An examination of the above-mentioned cases will show that in the National Cash Register case the mortgage did not disclose who was the mortgagor. In the Lyons case, the Tally case, and the Frank case the mortgage was not acknowledged before a justice of the peace of the town where the mortgagor resided, as then required by statute. In the Kimball case, the mortgage was acknowledged by an attorney in fact, before the statute made provision for such acknowledgments. The good faith of a transaction was involved in the Blatchford case, where it was claimed that a chattel mortgage had been foreclosed and the property resold to the mortgagor, who made a new mortgage to the same parties.

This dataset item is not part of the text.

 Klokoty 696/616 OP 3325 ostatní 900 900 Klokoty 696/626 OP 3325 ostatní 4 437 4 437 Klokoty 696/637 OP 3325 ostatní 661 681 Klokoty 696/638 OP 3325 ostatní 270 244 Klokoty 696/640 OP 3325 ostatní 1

Appellants insist that a defective acknowledgment cannot be aided by parol, and in support of their contention cite Ennor v. Thompson, 46 Ill. 214. In that case a deed did not convey the homestead. There was an attempt to prove by parol what the grantor’s wife did acknowledge when she was before the justice of the peace. It was held that under the statute, everything essential to an acknowledgment must appear in the certificate, as the statute has declared that in that mode, and that alone, can the wife bar her rights of homestead. The defect in the acknowledgment was one of substance and not a mere clerical error. Obviously, the conveyance of an interest in land cannot be established by parol. In Clark v. Wilson, 127 Ill. 449, a notary public’s certificate of acknowledgment to a deed was unsigned and was held insufficient, but in that case the notary made no attempt to sign or execute the certificate.

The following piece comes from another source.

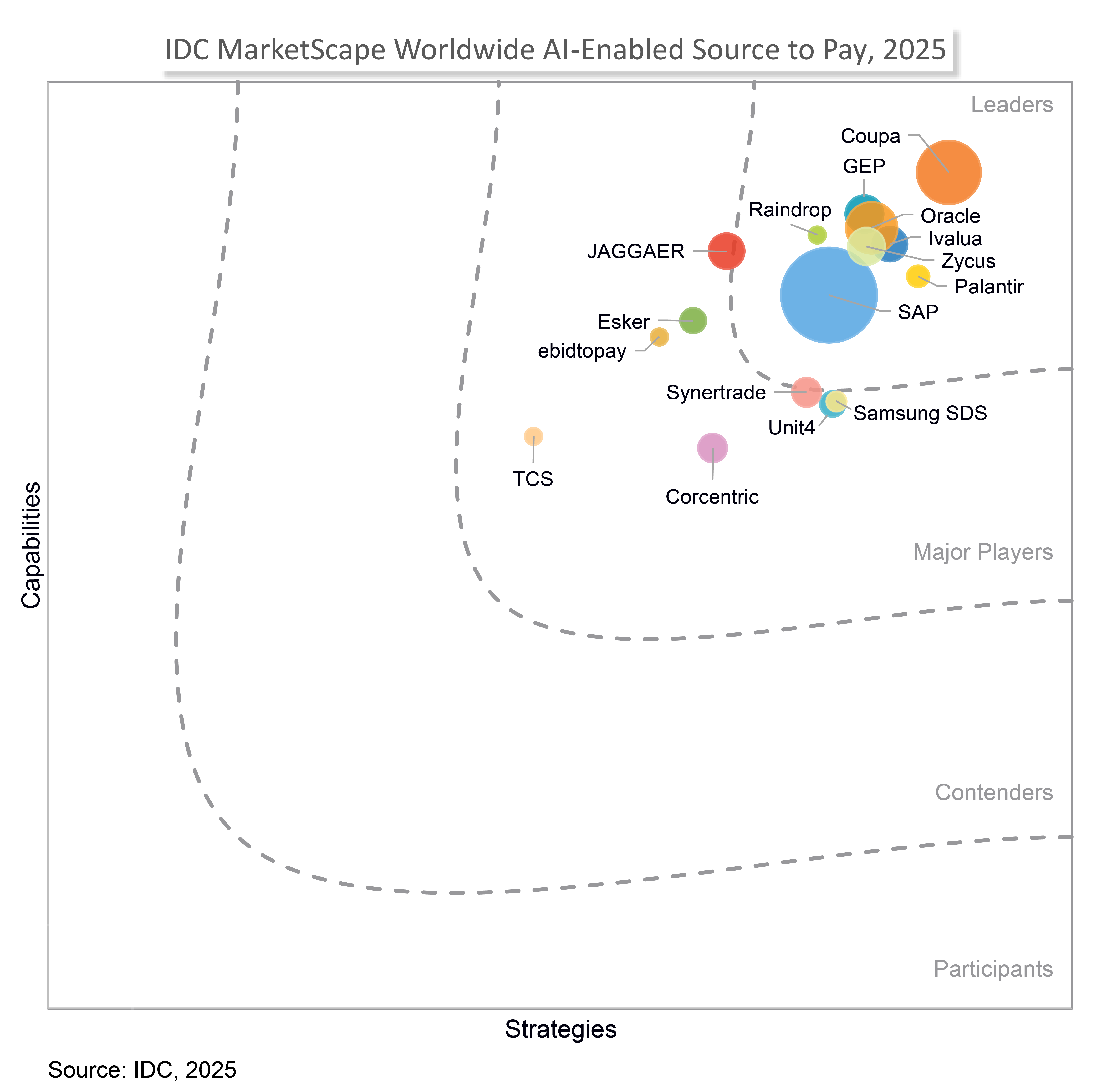 IDC MarketScape Graph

Section 2 of the Chattel Mortgage Act before its amendment in 1915 provided: “The certificate of acknowledgment may be in the following form, ’ ’ followed by a blank form. Since the amendment of 1915, Cahill’s St. ch. 95, If 2, the section provides: “The certificate of acknowledgment shall be in the following form.” It is argued by appellants that the statute is mandatory and that the acknowledgment to a chattel mortgage must follow literally the statutory form. Before the amendment of 1915, it was held that the word “may” as used in this statute was imperative. (First Nat. Bank of Chicago v. Baker, 62 Ill. App. 154; Henderson v. Morgan, 26 Ill. 431; Ticknor v. McClelland, 84 Ill. 471.) So the substitution of the word “shall” for the word “may” made no change in the law as interpreted by the courts.

The words “and entered by me” are contained in the statutory form of acknowledgment of chattel mortgages, but-although the word “may” was construed to be imperative in the cases cited, it has been held that the omission of the words “entered by me” does not raise any substantial objection. (Schroder v. Keller, 84 Ill. 46; Harvey v. Dunn, 89 Ill. 585.)

In Durfee v. Grinnell, 69 Ill. 371, a chattel mortgage was in fact executed and acknowledged in 1871, but the justice dated the certificate of acknowledgment in 1872. It was held that it is to be presumed that any person examining the justice’s docket would have found the mortgage described by the proper date. In Cox v. Stern, 170 Ill. 442, an affidavit for the extension of a chattel mortgage was signed by the mortgagors and the agent of the mortgagee. To the affidavit there was a jurat in regular form as to the mortgagee’s agent, but the jurat as to the mortgagors was unsigned. The affidavit was held to be sufficient. A mortgagee is not estopped to show that the mortgagor’s residence is different from that recited in the mortgage, when a creditor did not claim to have relied upon the recital or to have done or suffered anything because of it. (Terhune v. Matson, 40 Ill. App. 296; Gilbert v. Sprague, 196 Ill. 444; Lassen v. Lake, 132 Ill. App. 609.)

Other departures from the literal requirements of the statute have been held not to invalidate a chattel mortgage.